A primary school in a village in north-eastern India has 55 students between the ages of four and 14. It comprises a single room without water or electricity, with the prescribed textbooks set at too advanced a level. The pupils write with a limited supply of chalk and slate, and the youngest children require feeding, washing and medical attention. The school has one untrained teacher. The drop-out rate, unsurprisingly, is 72%: children in rural India do not think that education is important or necessary when a large proportion of them cannot feel its benefits.

Yet a UK Department for International Development (DFID) research project asserts that primary education in developing countries is of enormous value. It builds a capacity for lifelong learning in individuals – the knowledge, skills and attitudes that contribute to general community development germinate here. Kofi Annan, when he was secretary-general of the United Nations in 1999, realised its economic significance when describing girls’ education as the “single highest returning social investment in the world today.” Statistics from charities such as Plan and Camfed demonstrate the transformative potential of education across the developing world. In Africa, if a girl finishes secondary school, she is three times less likely to contract HIV/AIDS, will earn up to 25% more income, and will possibly have a smaller and healthier family, in which she will be willing to invest up to 90% of her earnings.
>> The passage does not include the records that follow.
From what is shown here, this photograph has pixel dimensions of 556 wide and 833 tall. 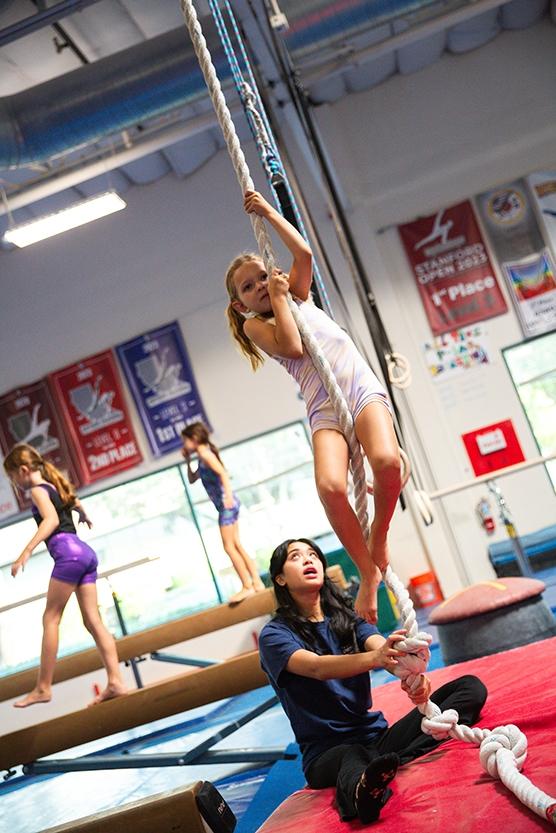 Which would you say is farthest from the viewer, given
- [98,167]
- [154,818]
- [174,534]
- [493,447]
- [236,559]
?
[174,534]

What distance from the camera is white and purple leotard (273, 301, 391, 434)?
2.39 metres

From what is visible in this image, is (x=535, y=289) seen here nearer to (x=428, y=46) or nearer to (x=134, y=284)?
(x=428, y=46)

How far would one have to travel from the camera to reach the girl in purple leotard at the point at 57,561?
4.76m

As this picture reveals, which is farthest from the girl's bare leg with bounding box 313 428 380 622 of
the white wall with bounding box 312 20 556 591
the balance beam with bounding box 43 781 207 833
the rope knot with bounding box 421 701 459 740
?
the white wall with bounding box 312 20 556 591

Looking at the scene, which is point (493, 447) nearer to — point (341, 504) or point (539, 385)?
point (539, 385)

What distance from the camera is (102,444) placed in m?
10.1

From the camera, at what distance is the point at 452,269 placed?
9.69 m

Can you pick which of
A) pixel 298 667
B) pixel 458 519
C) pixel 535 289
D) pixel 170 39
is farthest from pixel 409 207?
pixel 298 667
Schooling projects in the “poverty corridor” of Honduras have the long-term aim of benefiting communities from the growth of an educated younger generation that can create local business initiatives, provide work opportunities and boost the labour market.

But many rural Indian children clearly feel a disconnect from education. Most are first-time learners without any role models, which can be discouraging. “Children must learn to learn,” says Madhumita. “Only a patient and committed teacher can bring the right blend of discipline and engagement to classes.” In his report to the Global Campaign for Education, former prime minister Gordon Brown agrees, “Because no education system is better than the quality of the teaching it provides, it is essential that teachers are properly trained, well motivated and equipped to ensure that children learn.” Of equal importance is infrastructural support – adequate toilets, sufficient classrooms and desks, textbooks and teaching aids, fully equipped kitchens, and safe conveyance to and from school, especially for girls. Where families do not realise the value of learning, the school has a greater social responsibility in demonstrating how effective education is in breaking the bonds of poverty. This integrated approach in reflected in Plan’s ‘Quality Education Programme’, currently operating in 150 schools worldwide, which has increased parent participation and student enrolment, and seen a consequent decrease in drop-out rates.

“Parents need education too,” believes Madhumita, “but social prejudice is rife in India. Rural parents see city-educated teachers as unapproachable; teachers often view villagers as incapable of learning simply because they come from rural areas. We have to bridge such divides.” She also believes in the important connection between nutrition and education: when children are sent to school hungry, one of the best policies to retain them is by providing free meals. She recalls the time when she shared her sandwich lunch with two students. “I hadn’t realised how strange a sandwich must seem to a rural Bengali boy,” laughs Madhumita. As they headed for the playground waving this exotic food item, the boys were quickly surrounded by admiring schoolmates. They don’t know it yet, but after the summer vacation, free school meals in the form of the more familiar rice, lentils and vegetables will be available to them everyday. Hope, in the form of a government meal grant, is on its way.